Families demand military retrieve capsized boat
WOODS HARBOUR, N.S. — The fathers of two young Nova Scotia fishermen who disappeared when their boat capsized are demanding the Canadian government retrieve the vessel.
Stephen Nickerson and George Hopkins say the 13-metre boat — spotted overturned early Monday off southwest Nova Scotia — could contain the bodies of their sons and answers as to why the boat flipped over Sunday night.
The two men, speaking in separate interviews on Wednesday, say time is running out because the boat is unlikely to stay afloat for much longer.
“If my boy is in that boat, I want to bring him home,” Nickerson said. “I think he’s in that boat. And I think attempts should be made to (salvage the vessel).”
In addition to Steven Cole Nickerson and Joel Hopkins, there were three other men aboard the Miss Ally when it capsized in rough seas some time after 11 p.m. Sunday.
Stephen Nickerson said he’s asked the military for a salvage operation, but he was told the case is now being handled by the RCMP as a missing persons file.
“It seems like they’re not going to do anything about that,” said Nickerson, a fisherman for 35 years. “They said the search is called off and it’s been turned over to the RCMP. That’s it. That’s as far as they go. ... We’re all mad. It should go farther.”
George Hopkins said the families need closure.
“We need to know if there’s bodies in there,” he said.
“I want to get the message that these kids were important. They were important to me, they were important to this community and there’s five young boys in the prime of their life. We need closure. We need to know for sure that we’ve done everything we can.”

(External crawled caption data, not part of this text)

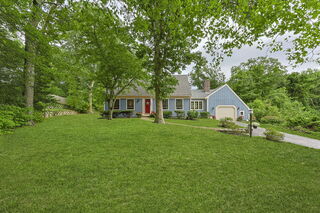 Photo of 7 Horseshoe Circle Sandwich Village, MA 02563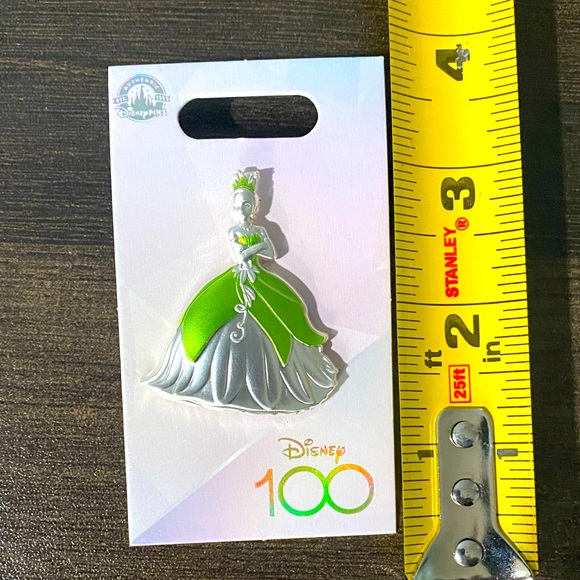 Princess Tiana pin - Picture 2 of 2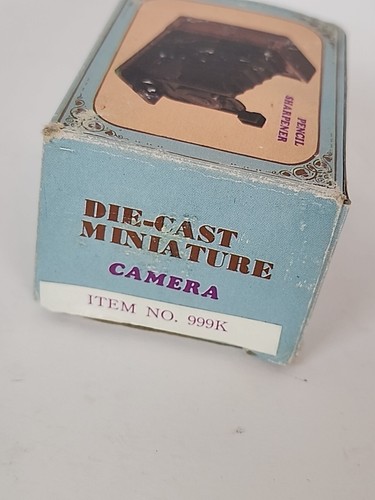 Vintage Druckguss Miniatur Kamera Bleistiftspitzer - Bild 4 von 15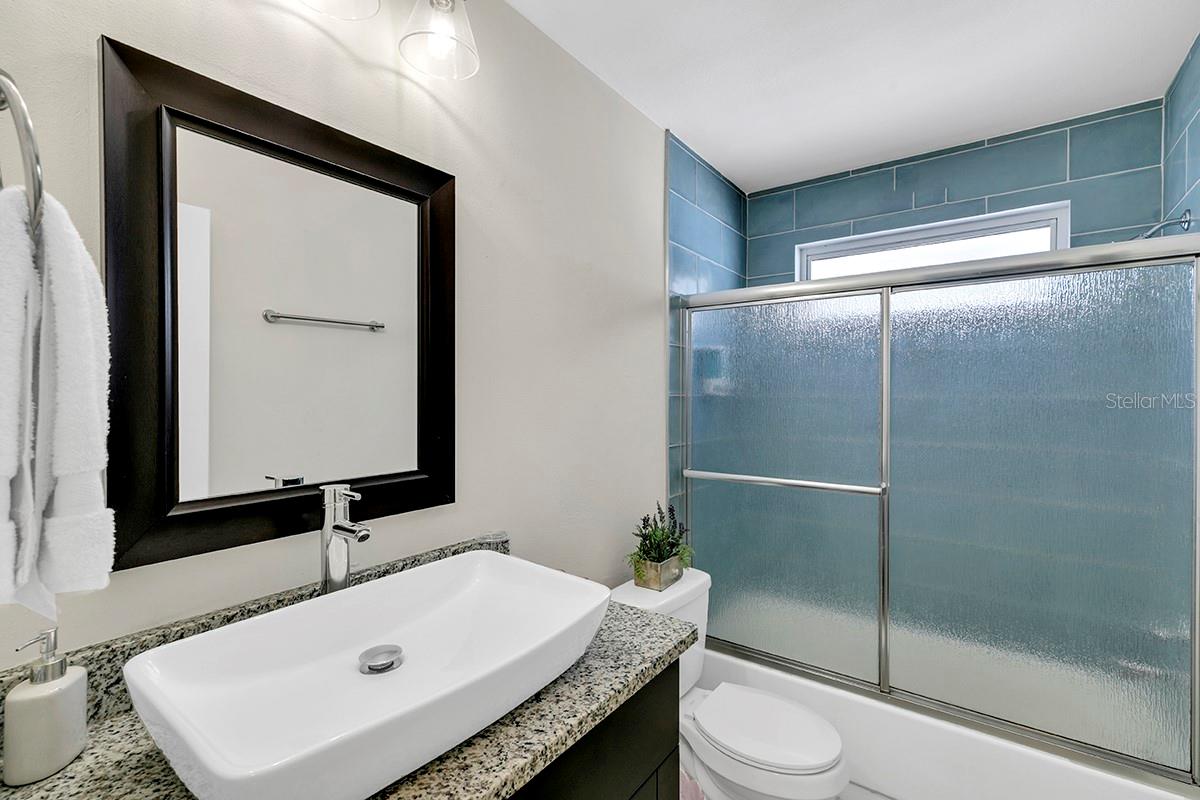 1112 S PROSPECT AVE — photo 9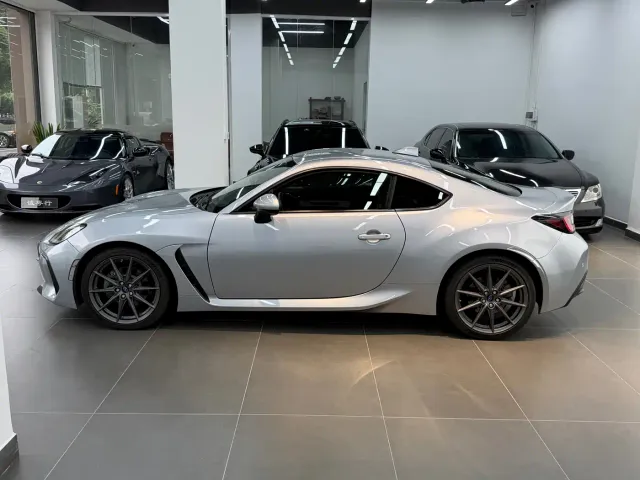 Subaru BRZ — Фото автомобиля 4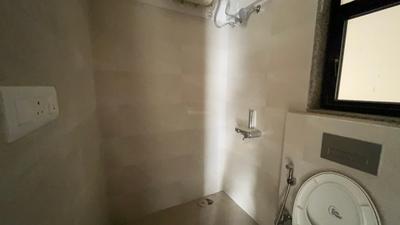Image of 950 Sq.ft 2 BHK Apartment / Flat for sale in Kanakia Zen World, Kanjurmarg East, Mumbai for Rs. 21000000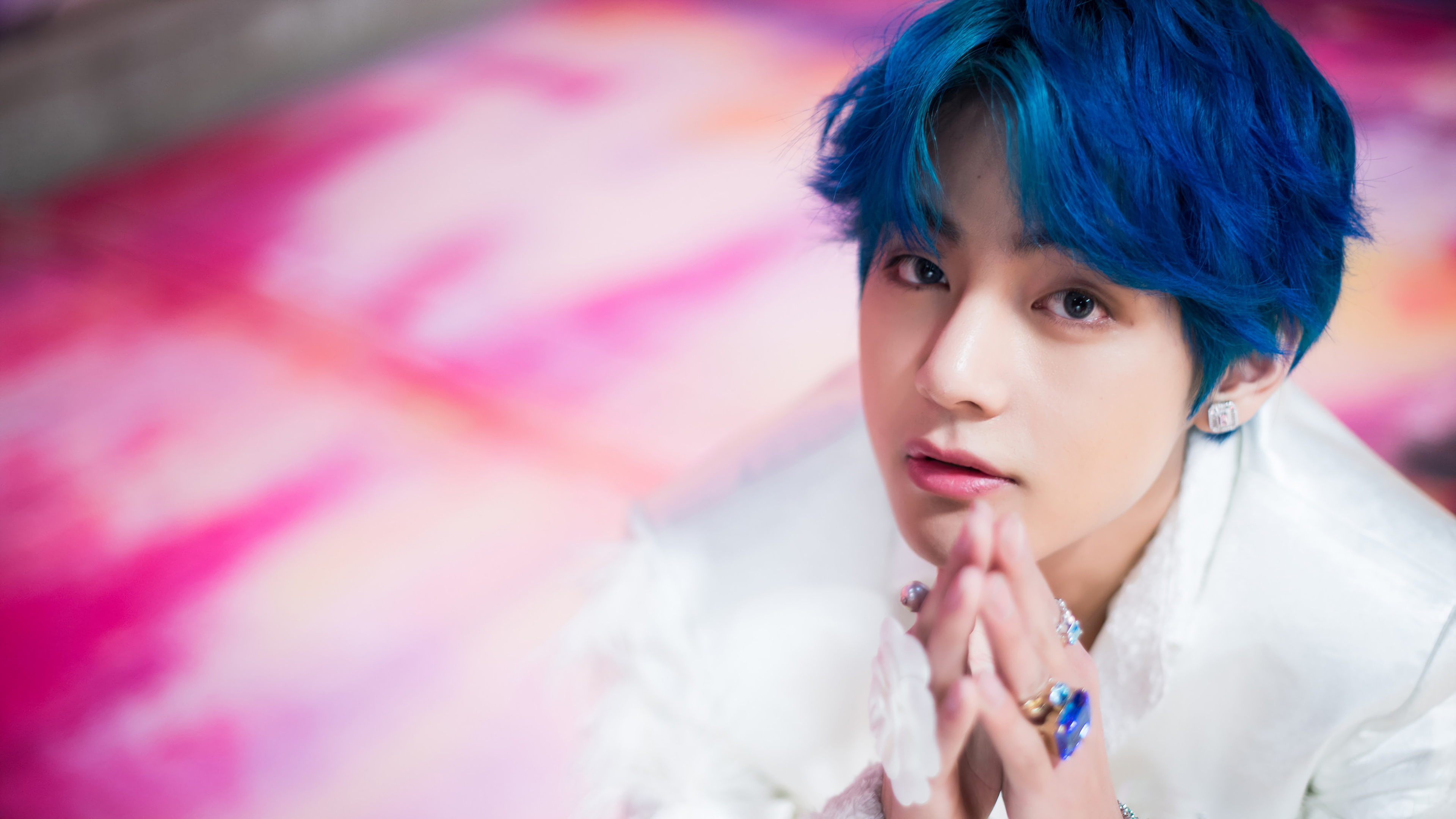 BTS V's Blue Hair Transformation: See the K-Pop Star's Bold New Look - wide 7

Hopkins, sitting in his living room with two close friends and surrounded by photos of smiling children, said he got the news Tuesday afternoon that the search would be called off.
“It was like someone passing you a death certificate,” he said.
RCMP Cpl. Scott MacRae said the Mounties are aware of the strong emotions surrounding the case, adding that planning is underway to determine whether a salvage operation could be carried out.
“We are in the stages of developing what our strategy is going to be to do this, to move the investigation in a safe manner, hopefully sooner than later,” he said.
The RCMP have a “very good idea” where the boat is, but MacRae couldn’t confirm whether the vessel was still afloat.
“We understand the emotions with the tragic loss of family members — the human aspect of wanting to retrieve your loved one,” he said.
A massive search for survivors was called off at 6 p.m. Tuesday when the military decided the crew’s chances for survival were slim, even if they were wearing immersion suits.